Exercise description
Your answer must be an exact copy of the records below, with no pictures in it.

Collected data
◇ ◇ ◇ ◇ ◇ ◇ ◇

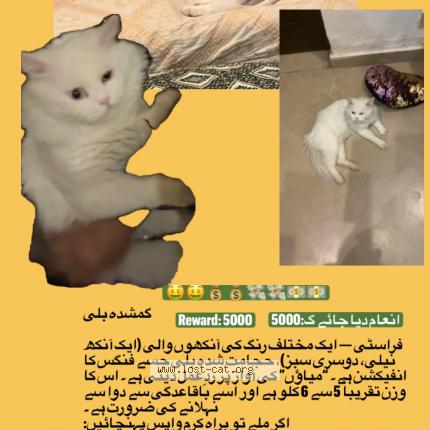 Photo 1/1 Frosty Chat perdu à Lahore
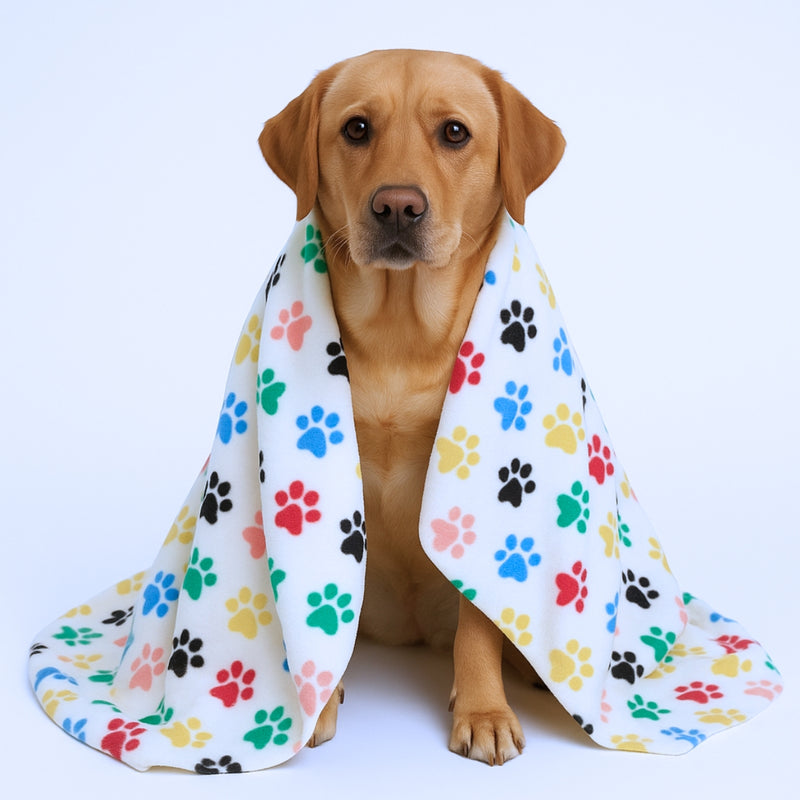Mantinha Pet Cobertor 100x70cm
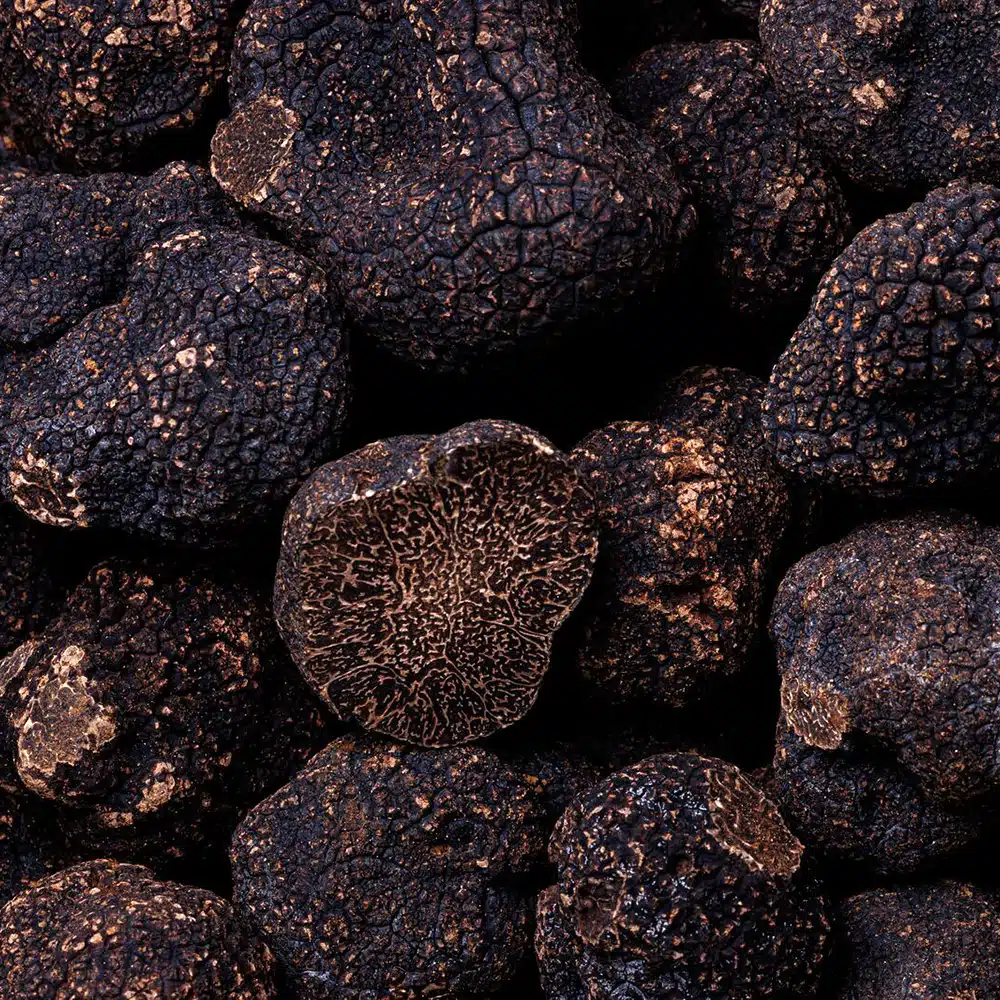 Low-Resolution-SHOOTING_DUCASSE-CONSEIL_0326©PONANT-PHILIPPE-VAURES-SANTAMARIA_AD-26 La truffe noire, star de la haute gastronomie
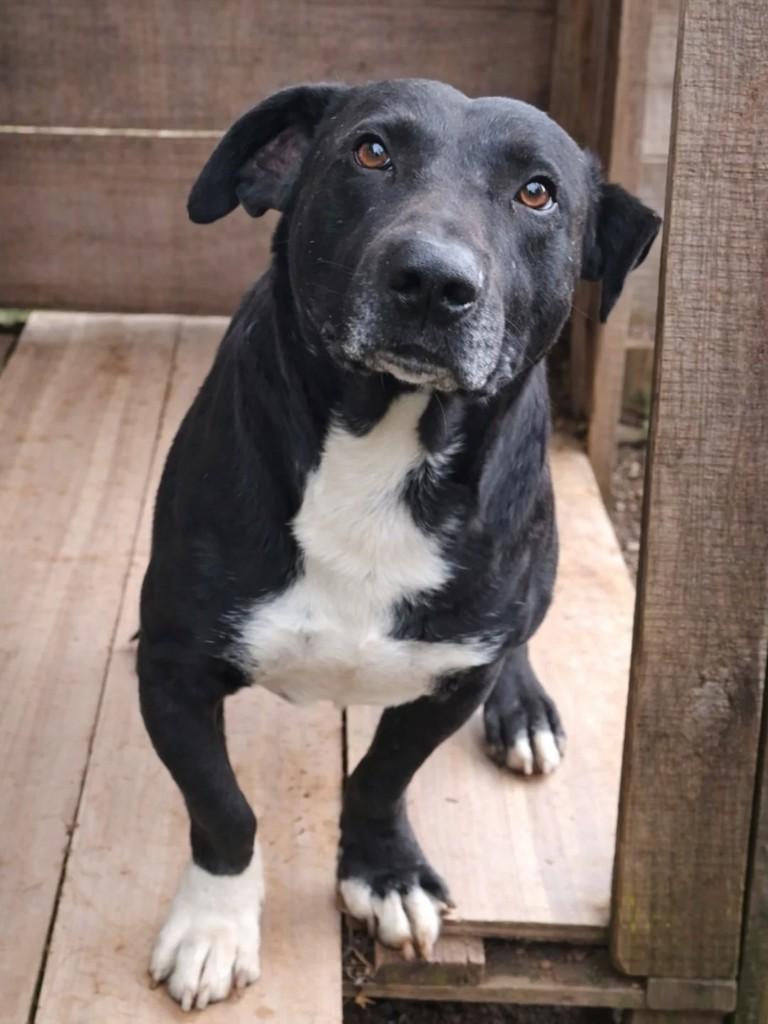 Zé, cachorro de porte médio para adoção em Teutônia - RS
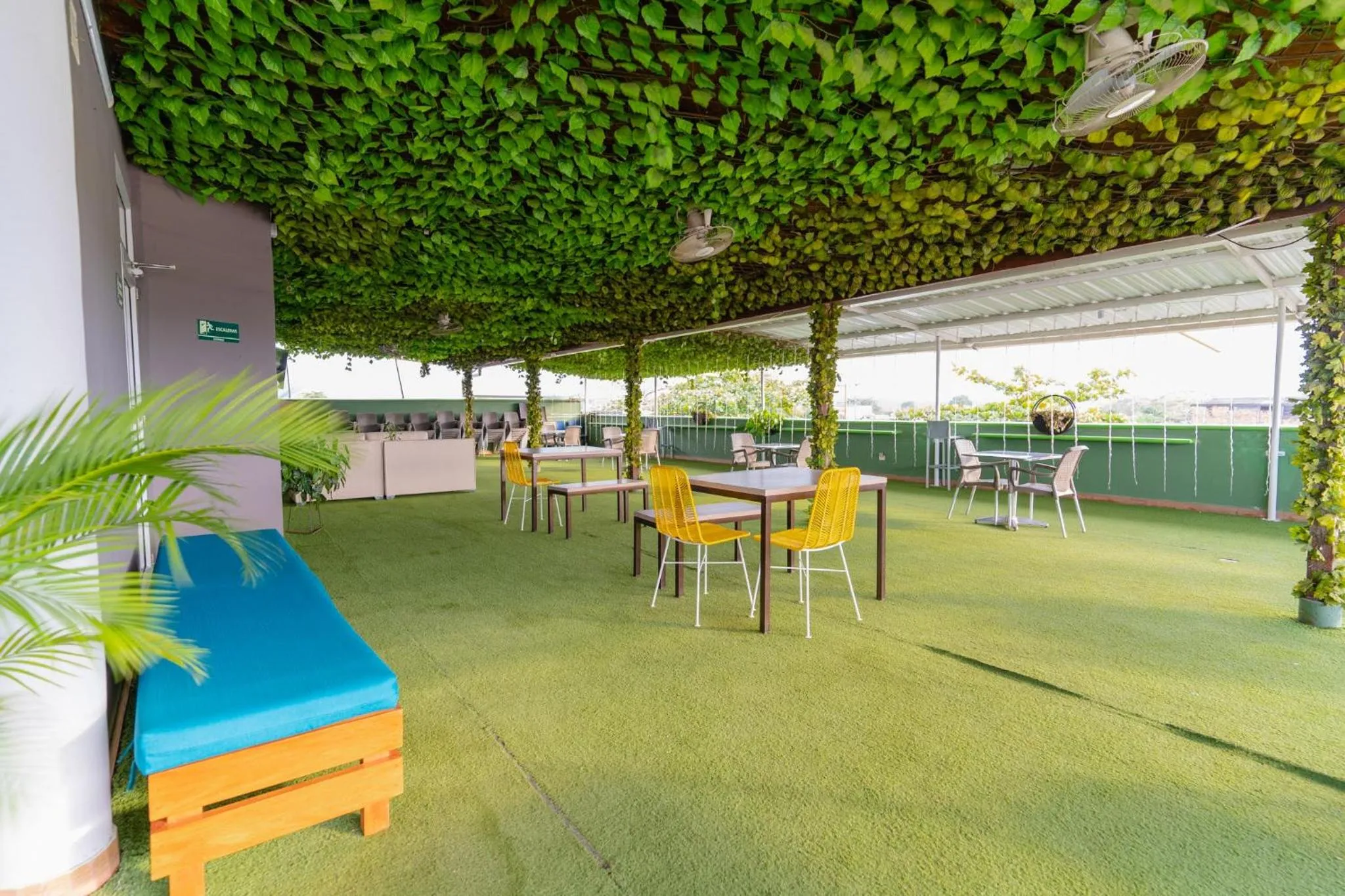 Balcony/Terrace in Hotel Plataneras Plaza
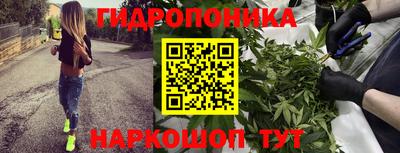 молекула духа Гусь-Хрустальный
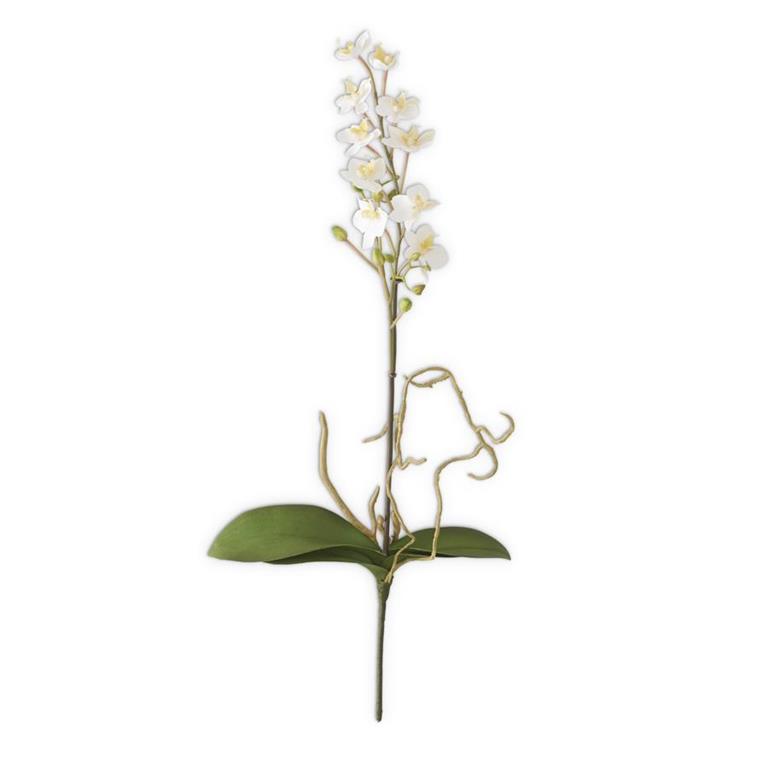 21 Inch White Orchid Stem w/Roots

◇ ◇ ◇ ◇ ◇ ◇ ◇

Written response
 Photo 1/1 Frosty Chat perdu à Lahore
Mantinha Pet Cobertor 100x70cm
 Low-Resolution-SHOOTING_DUCASSE-CONSEIL_0326©PONANT-PHILIPPE-VAURES-SANTAMARIA_AD-26 La truffe noire, star de la haute gastronomie
 Zé, cachorro de porte médio para adoção em Teutônia - RS
 Balcony/Terrace in Hotel Plataneras Plaza
 молекула духа Гусь-Хрустальный
 21 Inch White Orchid Stem w/Roots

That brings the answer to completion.